My high level understanding of pinned memory is that it speeds up data transfer from CPU to GPU…in some cases. I understand this can commonly be used in dataloaders when copying loaded data from host to device.
When else would this be useful? I have been trying to use the tensor pin_memory()
function, but I’m not seeing significant speed up in copying a large matrix to the GPU.
This is my testing code:
import torch
import time
# Warm up
q = torch.rand(10000, 10000).cuda()
w = torch.rand(10000, 10000).cuda()
for i in range(10):
qq = q * w
# Test pinning
b = torch.arange(1000000).pin_memory()
c = torch.arange(1000000)
print("BEFORE")
print("b is pinned?: ", b.is_pinned())
print("c is pinned?: ", c.is_pinned())
print("b is cuda?: ", b.is_cuda)
print("c is cuda?: ", c.is_cuda)
print("\nRESULTS")
torch.cuda.synchronize()
s = time.time()
b[:] = c # <<<<<< Time goes down without this, obviously, but what good is pinned memory if it always points to the same stuff?

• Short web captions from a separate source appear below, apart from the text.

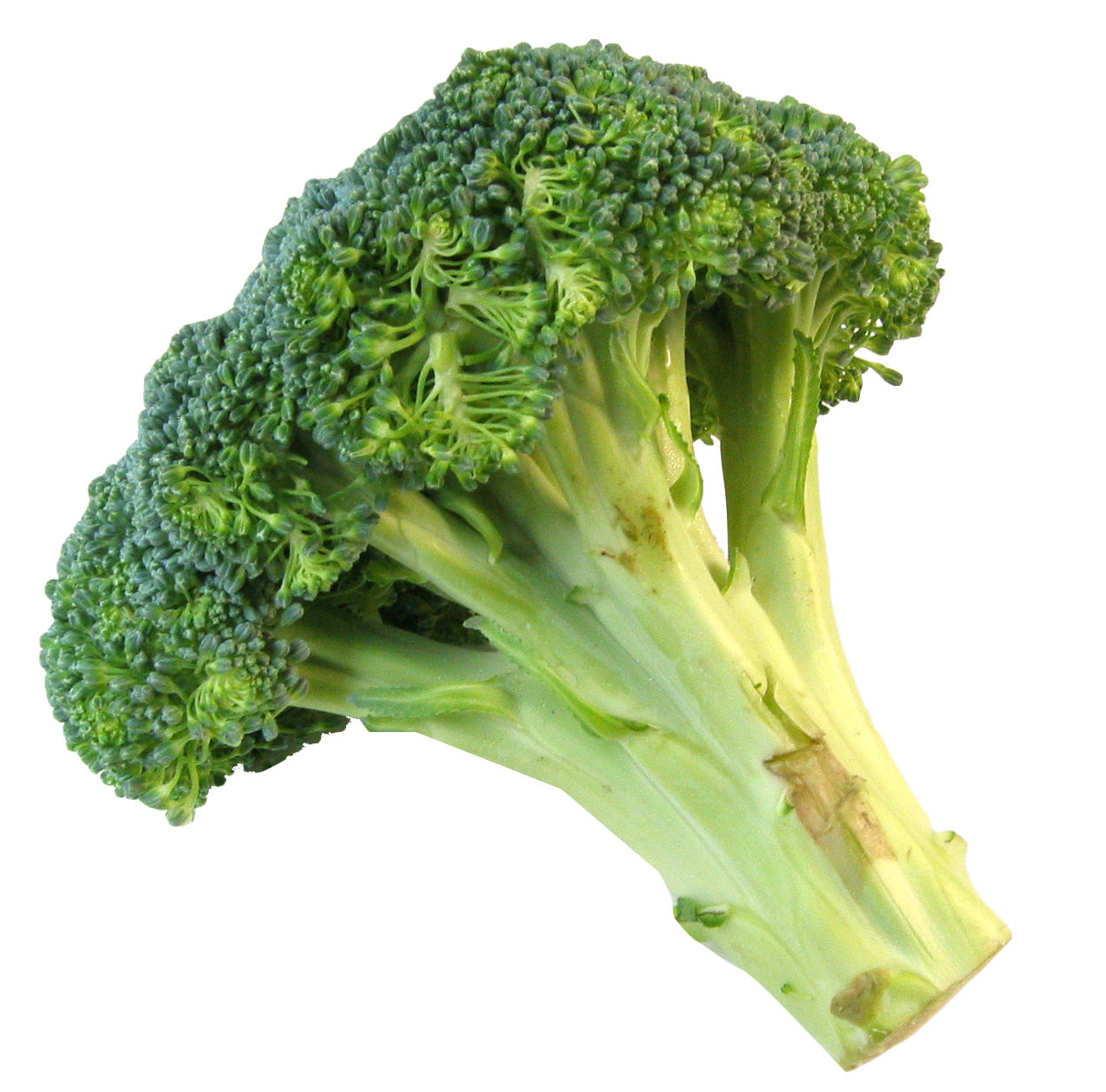 Fresh Broccoli Stalk PNG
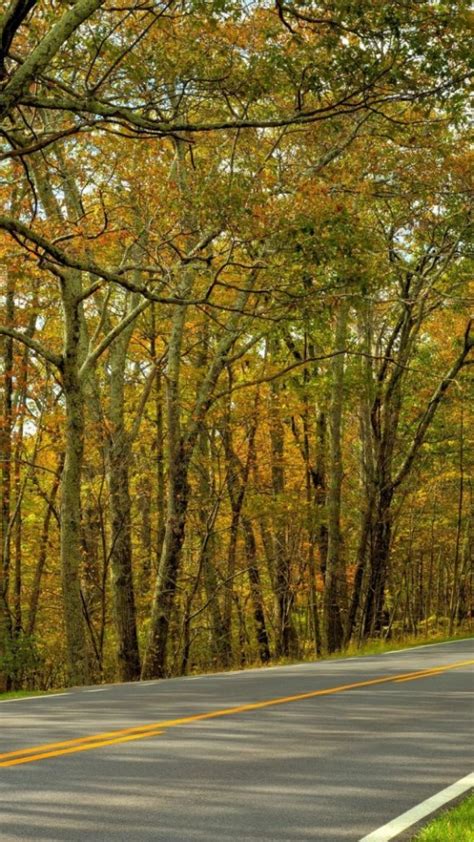 Autumn Trees Road Landscape 540x960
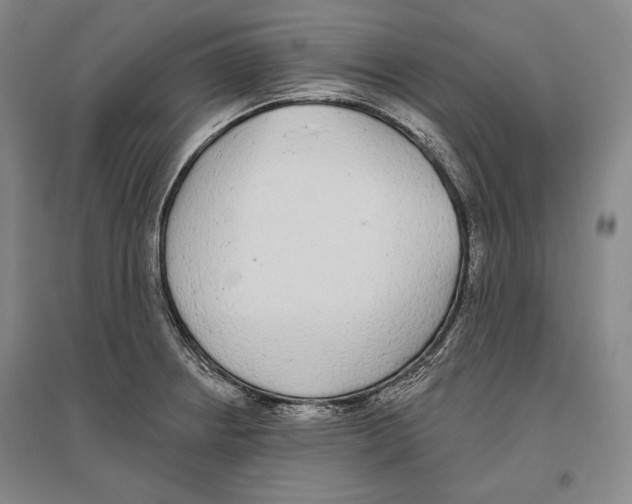 X0000096631234200803041057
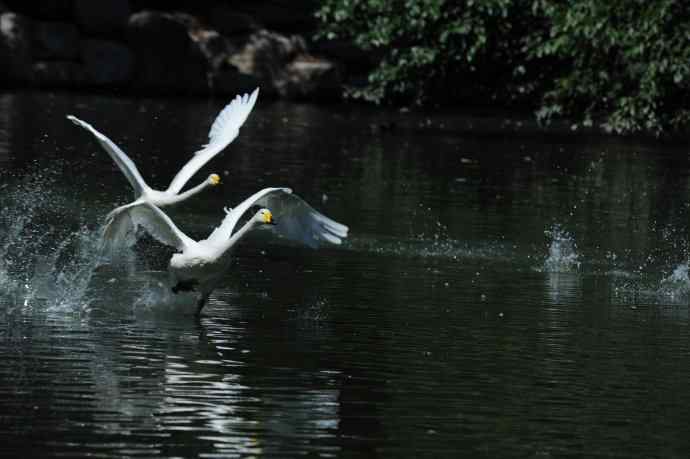 飞（白天鹅） wbr1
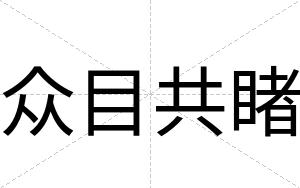 众目共睹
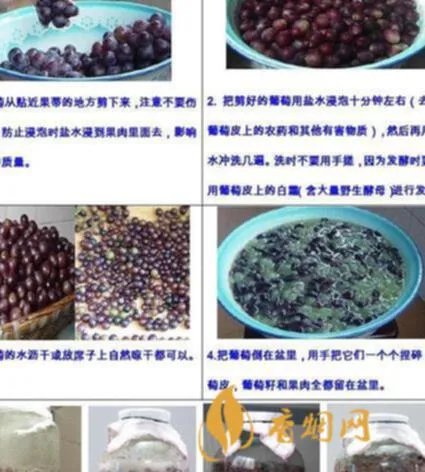 葡萄原酒是什么？了解一下！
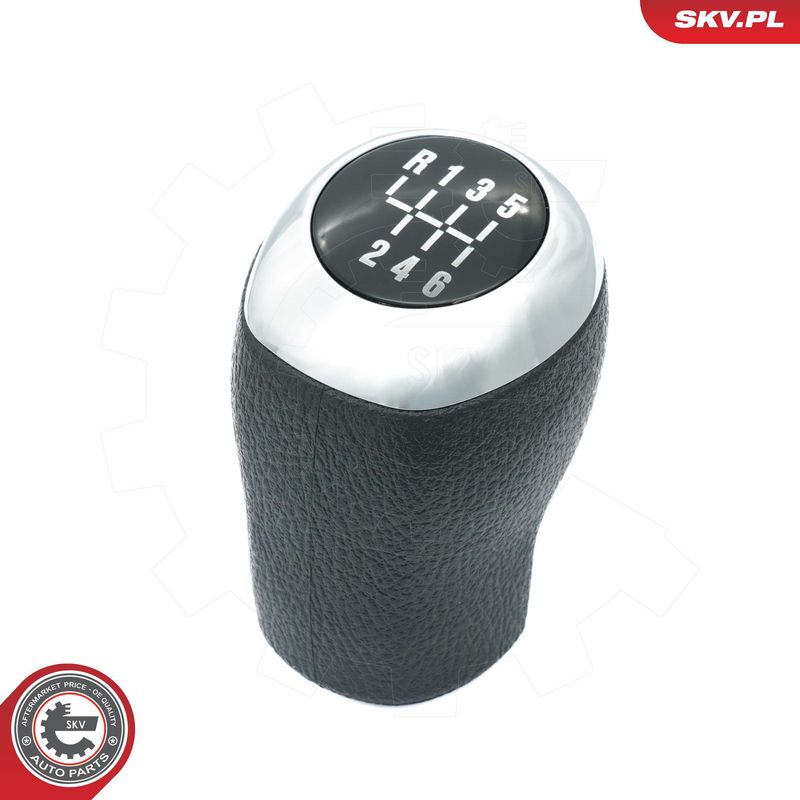 Käigukanginupp, ESEN SKV...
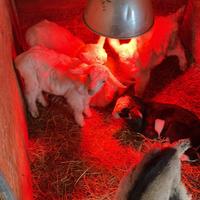 Capretti maschi di Saanen e Murciane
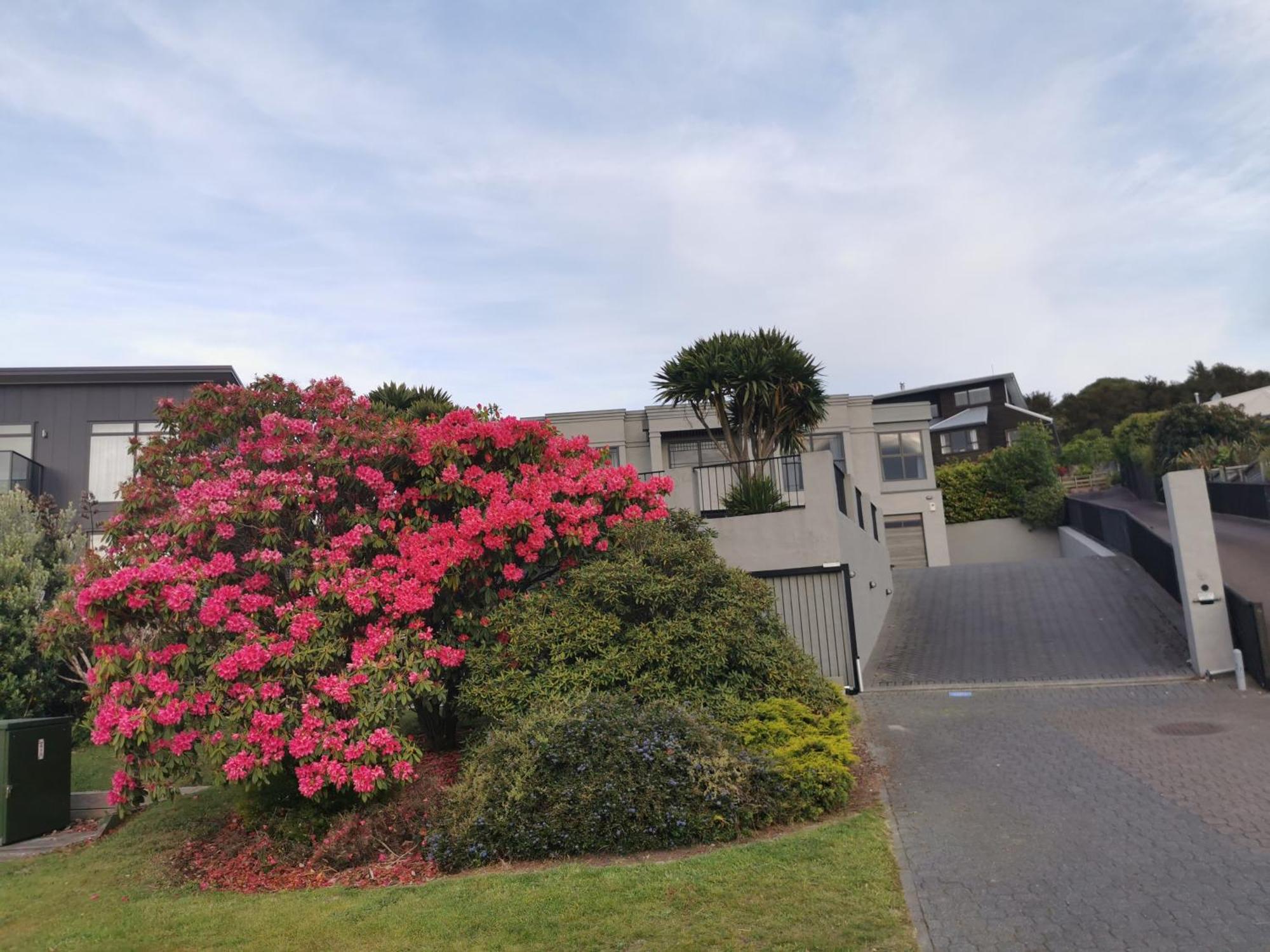 Lakeview Holiday Hideaway Taupo Eksteriør billede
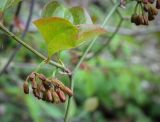 Smilax excelsa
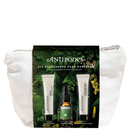 Antipodes Discovery Set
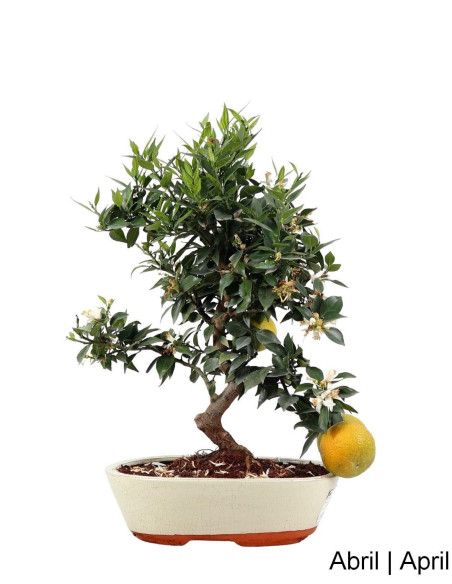 Citrus Myrtifolia Bonsai de 19 años
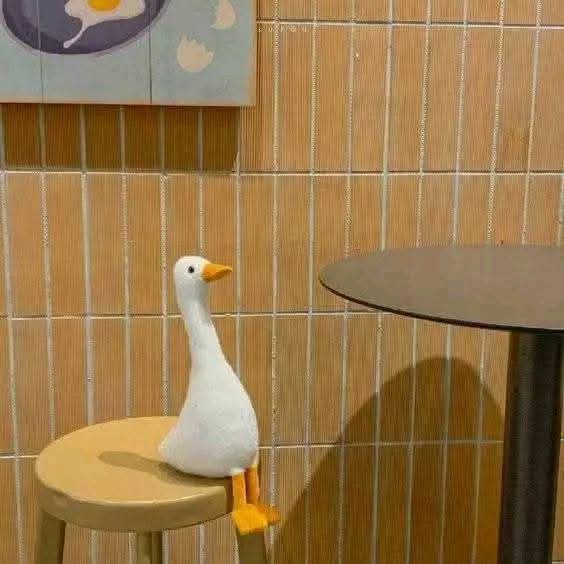 قاعده مستنيه ليالي يناير البارده :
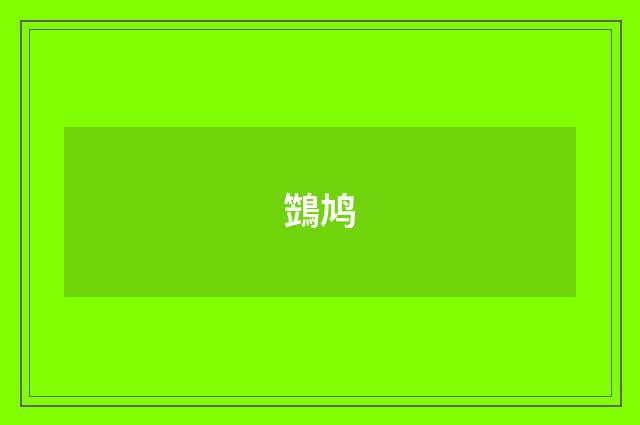 鷑鸠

d = b.to(torch.device("cuda"), non_blocking=True)
torch.cuda.synchronize()
print("Copy pinned (non-blocking): ", time.time() - s)
torch.cuda.synchronize()
s = time.time()
e = b.to(torch.device("cuda"), non_blocking=False)
torch.cuda.synchronize()
print("Copy pinned (blocking): ", time.time() - s)
torch.cuda.synchronize()
s = time.time()
f = c.to(torch.device("cuda"))
torch.cuda.synchronize()
print("Copy unpinned: ", time.time() - s)
print("\nAFTER")
print("b is pinned?: ", b.is_pinned())
print("c is pinned?: ", c.is_pinned())
print("d is pinned?: ", d.is_pinned())
print("e is pinned?: ", e.is_pinned())
print("f is pinned?: ", f.is_pinned())
print("b is cuda?: ", b.is_cuda)
print("c is cuda?: ", c.is_cuda)
print("d is cuda?: ", d.is_cuda)
print("e is cuda?: ", e.is_cuda)
print("f is cuda?: ", f.is_cuda)
Here is the results on a 2080Ti:
BEFORE
b is pinned?: True
c is pinned?: False
b is cuda?: False
c is cuda?: False
RESULTS
Copy pinned (non-blocking): 0.0015006065368652344
Copy pinned (blocking): 0.0006394386291503906
Copy unpinned: 0.0007956027984619141
AFTER
b is pinned?: True
c is pinned?: False
d is pinned?: False
e is pinned?: False
f is pinned?: False
b is cuda?: False
c is cuda?: False
d is cuda?: True
e is cuda?: True
f is cuda?: True
Now I would have expected the non-blocking pinned memory to be fastest, but it’s actually slower than simple copy. The real time suck is the in-place assignment of novel data (noted in the code above), but what good, then, is a pinned-memory tensor if the data is never going to change? In this example, I am treating b
like a pinned memory buffer of sorts. Is this the wrong way to use/think about pinned memory?